### Material provided:
======
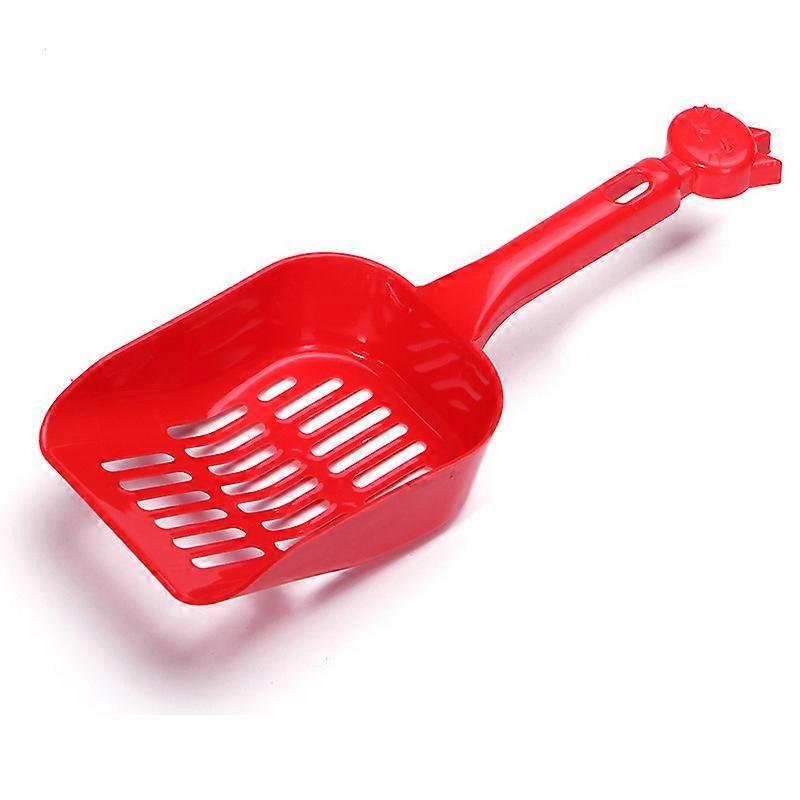 Red-Recycled Plastic Cat Litter Scoop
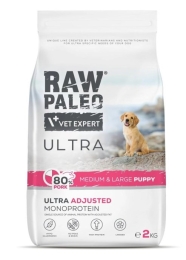 VETEXPERT Raw Paleo Ultra Pork Medium & Large Puppy - dry dog food - 2kg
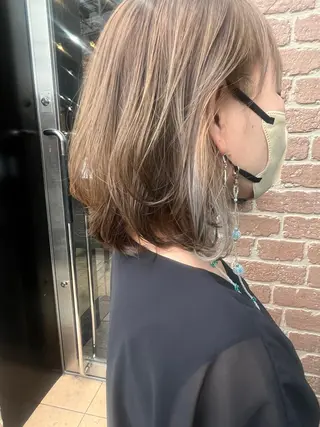 ショート カラー パーマ ヘアアレンジ メンズ キッズ ネイル マツエク・マツパ アイブロウ times salon名駅所属・久木原 ゆりのヘアスタイル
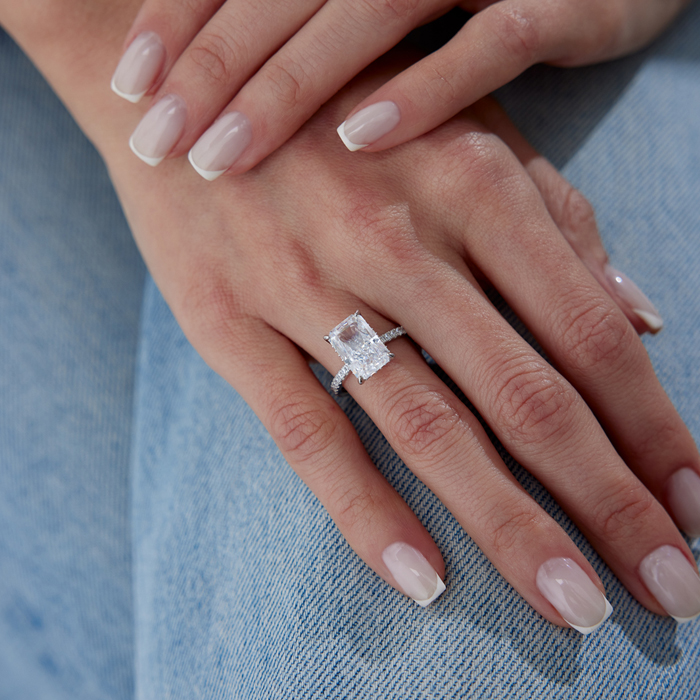 Glacies Yarımtur Tektaş Yüzük - Sardes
======
### The task:
Without the pictures, repeat every line of the material above exactly.

### Response to this exercise:
 Red-Recycled Plastic Cat Litter Scoop
 VETEXPERT Raw Paleo Ultra Pork Medium & Large Puppy - dry dog food - 2kg
 ショート カラー パーマ ヘアアレンジ メンズ キッズ ネイル マツエク・マツパ アイブロウ times salon名駅所属・久木原 ゆりのヘアスタイル
 Glacies Yarımtur Tektaş Yüzük - Sardes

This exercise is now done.